Liz Hodgkinson (born 1945) is a British author and journalist who has written more than 50 books. Her books have been translated into over 20 languages. She has also written articles for most of the major British national newspapers in London, and for magazines for women. She has taught journalism for a decade.

==Early life==
Hodgkinson was born Elizabeth Garrett, and grew up, in the small Cambridgeshire town of St Neots.

She attended Huntingdon Grammar School, which was co-educational and which is now named Hinchingbrooke School. At the school, she became a close friend of Amaryllis Garnett and was influenced by the bohemian household of David and Angelica Garnett. She has written that her parents would have been happy enough for her to leave school at 16 and train as a secretary. "They had no idea of higher education or careers." However, she wanted more from a career, so she attended Durham University where she studied English. Hodgkinson has written that her period at university was dominated by an obsession she developed for a male student, which began at first sight and was to overshadow her subsequent relationships.

==Career==
After a short stint teaching, Hodgkinson became a freelance reporter and columnist. At first, in the years 1966–1970, she worked in Newcastle upon Tyne in north-east England, on the Thomson Newspapers the Evening Chronicle, the Newcastle Journal, and the Sunday Sun.

During these years, she married Neville Hodgkinson, also a journalist, who would also become a Daily Mail science and medical columnist and author of books. The couple's sons, Tom and Will, have both became journalists and authors like their parents.

The family moved to London, to a house in Richmond, and (like her husband) Hodgkinson gained a series of jobs in Fleet Street. In 1971–1972, Hodgkinson was Deputy Editor of the mother and baby magazine Modern Mother (long since closed), and then in 1972–1973 she worked as a columnist on the London Evening News. She then worked on four national newspapers: the Sunday People, The Sun, the Daily Mail, and The Times, where she was Women's Editor for a period during 1986. After that, in 1986 she became a freelance journalist, writing for The Times, The Guardian, The Independent, and the London Evening Standard, and again for the Daily Mail.

Using her experience as a journalist, Hodgkinson taught beginner, intermediate, and advanced classes in journalism at City Literary Institute for 10 years (1995–2005). One of her books, Ladies of the Street, was about the women who transformed journalism in Britain, from the heart of London in Fleet Street, from the late 19th century to the present day.

Hodgkinson's books are mostly devoted to four main subject areas, over time: first health; then lifestyle, including topics around religion and special ways of life (influenced by her by then ex-husband Neville's involvement with Indian religion); then biography, particularly of some individuals with changing sexuality; and latterly, as a complete change, real estate and property matters.

She continues to contribute to publications and websites, including the Daily Mail’s Femail pages, The Daily Telegraph, and the magazines House Beautiful, The Lady, and Woman.

==Later life==
In the 1981, Hodgkinson's husband Neville became involved with the Brahma Kumaris religious movement. Seven years later, when their sons had reached adulthood, the couple amicably separated. Neville wrote that he deeply loved his wife but his spiritual journey affected the relationship. He moved to the Brahma Kumaris retreat centre at Nuneham House, Oxfordshire.

In the late 1980s, possibly as part of this personal crisis, although theirs was an amicable divorce, she began to think about the subject of how people can deal with such situations, and published a book on celibacy as a solution to personal problems. She followed that with Bodyshock, a journalism book on transsexuality.

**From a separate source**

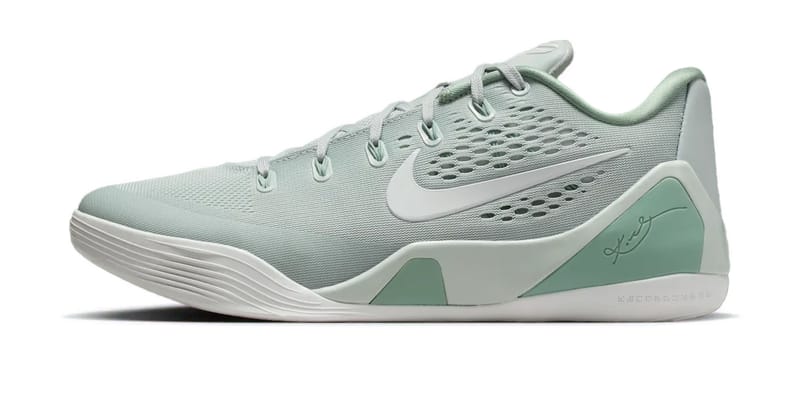 Nike Kobe 9 Elite Low EM Protro “Steam” Release Info | Hypebeast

After her divorce, she again suffered obsessive thoughts about a male student from her university days. She sought psychotherapy and wrote a book on the experience: "I believe that with obsessive love, time is no healer at all. The experience of obsessive love can be likened to dropping a stitch in knitting, and never picking it up. The knitting never quite looks right from then on, unless we unpick it and start again from the mistake." She became friends with journalist John Sandilands, then saw him as her partner; and for many years they shared a holiday flat in Worthing, West Sussex; but she has lived alone since his death in 2004. She has (as of late 2016) between them given her five grandchildren.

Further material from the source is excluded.